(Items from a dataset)
○ ○ ○
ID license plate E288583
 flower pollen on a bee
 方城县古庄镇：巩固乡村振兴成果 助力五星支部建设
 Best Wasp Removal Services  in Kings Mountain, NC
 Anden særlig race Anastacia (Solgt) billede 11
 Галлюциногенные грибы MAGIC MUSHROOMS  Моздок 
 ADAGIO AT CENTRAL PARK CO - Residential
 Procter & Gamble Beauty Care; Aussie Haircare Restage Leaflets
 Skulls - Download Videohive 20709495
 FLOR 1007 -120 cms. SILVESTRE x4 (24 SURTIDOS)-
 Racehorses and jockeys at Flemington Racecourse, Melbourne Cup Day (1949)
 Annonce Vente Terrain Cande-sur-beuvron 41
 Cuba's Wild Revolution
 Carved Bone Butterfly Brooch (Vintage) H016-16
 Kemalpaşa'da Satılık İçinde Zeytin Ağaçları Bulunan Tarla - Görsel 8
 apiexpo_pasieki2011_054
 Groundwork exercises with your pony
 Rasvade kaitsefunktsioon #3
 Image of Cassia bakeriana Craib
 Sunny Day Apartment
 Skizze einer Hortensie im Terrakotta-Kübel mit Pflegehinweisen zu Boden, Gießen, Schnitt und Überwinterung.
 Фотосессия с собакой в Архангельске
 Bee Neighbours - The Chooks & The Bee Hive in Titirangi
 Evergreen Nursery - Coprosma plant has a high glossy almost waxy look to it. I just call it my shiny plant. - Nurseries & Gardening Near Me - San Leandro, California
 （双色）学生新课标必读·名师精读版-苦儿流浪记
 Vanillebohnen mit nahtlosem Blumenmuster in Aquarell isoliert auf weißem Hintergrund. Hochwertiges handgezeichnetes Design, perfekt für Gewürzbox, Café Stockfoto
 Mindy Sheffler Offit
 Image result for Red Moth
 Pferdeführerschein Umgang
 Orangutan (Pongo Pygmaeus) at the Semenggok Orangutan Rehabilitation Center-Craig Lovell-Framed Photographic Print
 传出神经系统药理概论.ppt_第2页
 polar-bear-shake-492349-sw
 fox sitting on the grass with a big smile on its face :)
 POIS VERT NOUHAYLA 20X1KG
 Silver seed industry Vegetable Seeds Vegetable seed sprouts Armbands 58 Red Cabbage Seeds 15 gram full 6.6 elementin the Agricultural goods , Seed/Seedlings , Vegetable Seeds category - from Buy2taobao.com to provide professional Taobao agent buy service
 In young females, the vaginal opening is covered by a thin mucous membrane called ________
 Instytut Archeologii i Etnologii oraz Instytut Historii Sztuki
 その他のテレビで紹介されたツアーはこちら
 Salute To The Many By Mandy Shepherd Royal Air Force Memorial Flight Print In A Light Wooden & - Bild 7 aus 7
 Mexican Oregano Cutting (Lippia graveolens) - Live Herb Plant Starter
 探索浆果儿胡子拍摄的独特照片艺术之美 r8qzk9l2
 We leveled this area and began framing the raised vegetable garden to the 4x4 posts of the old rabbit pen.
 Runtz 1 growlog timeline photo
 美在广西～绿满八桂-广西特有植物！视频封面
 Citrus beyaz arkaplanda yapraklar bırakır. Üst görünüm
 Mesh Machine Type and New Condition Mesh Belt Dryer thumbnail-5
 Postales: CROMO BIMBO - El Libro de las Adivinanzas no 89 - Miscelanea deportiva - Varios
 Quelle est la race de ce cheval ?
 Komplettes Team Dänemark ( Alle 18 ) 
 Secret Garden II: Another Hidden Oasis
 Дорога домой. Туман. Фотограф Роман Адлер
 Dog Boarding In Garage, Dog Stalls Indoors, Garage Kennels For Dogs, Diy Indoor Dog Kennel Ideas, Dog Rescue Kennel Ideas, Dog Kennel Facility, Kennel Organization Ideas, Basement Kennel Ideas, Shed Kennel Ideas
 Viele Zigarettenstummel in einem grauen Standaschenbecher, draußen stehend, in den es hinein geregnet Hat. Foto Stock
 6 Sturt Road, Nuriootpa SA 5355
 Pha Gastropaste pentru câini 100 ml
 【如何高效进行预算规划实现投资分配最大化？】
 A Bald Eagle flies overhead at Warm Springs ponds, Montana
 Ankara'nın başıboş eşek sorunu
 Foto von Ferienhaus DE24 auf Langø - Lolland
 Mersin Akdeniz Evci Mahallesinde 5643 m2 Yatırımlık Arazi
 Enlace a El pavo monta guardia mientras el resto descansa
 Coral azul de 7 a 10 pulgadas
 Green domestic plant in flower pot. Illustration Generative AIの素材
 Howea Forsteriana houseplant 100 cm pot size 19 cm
○ ○ ○
The stretch of entries above that starts with the line containing "Viele Zigarettenstummel in" and goes on through the line containing "Coral azul de 7 a 10 pulgadas" is to be transcribed exactly, and no other line is to be transcribed.

#### The completed task
 Viele Zigarettenstummel in einem grauen Standaschenbecher, draußen stehend, in den es hinein geregnet Hat. Foto Stock
 6 Sturt Road, Nuriootpa SA 5355
 Pha Gastropaste pentru câini 100 ml
 【如何高效进行预算规划实现投资分配最大化？】
 A Bald Eagle flies overhead at Warm Springs ponds, Montana
 Ankara'nın başıboş eşek sorunu
 Foto von Ferienhaus DE24 auf Langø - Lolland
 Mersin Akdeniz Evci Mahallesinde 5643 m2 Yatırımlık Arazi
 Enlace a El pavo monta guardia mientras el resto descansa
 Coral azul de 7 a 10 pulgadas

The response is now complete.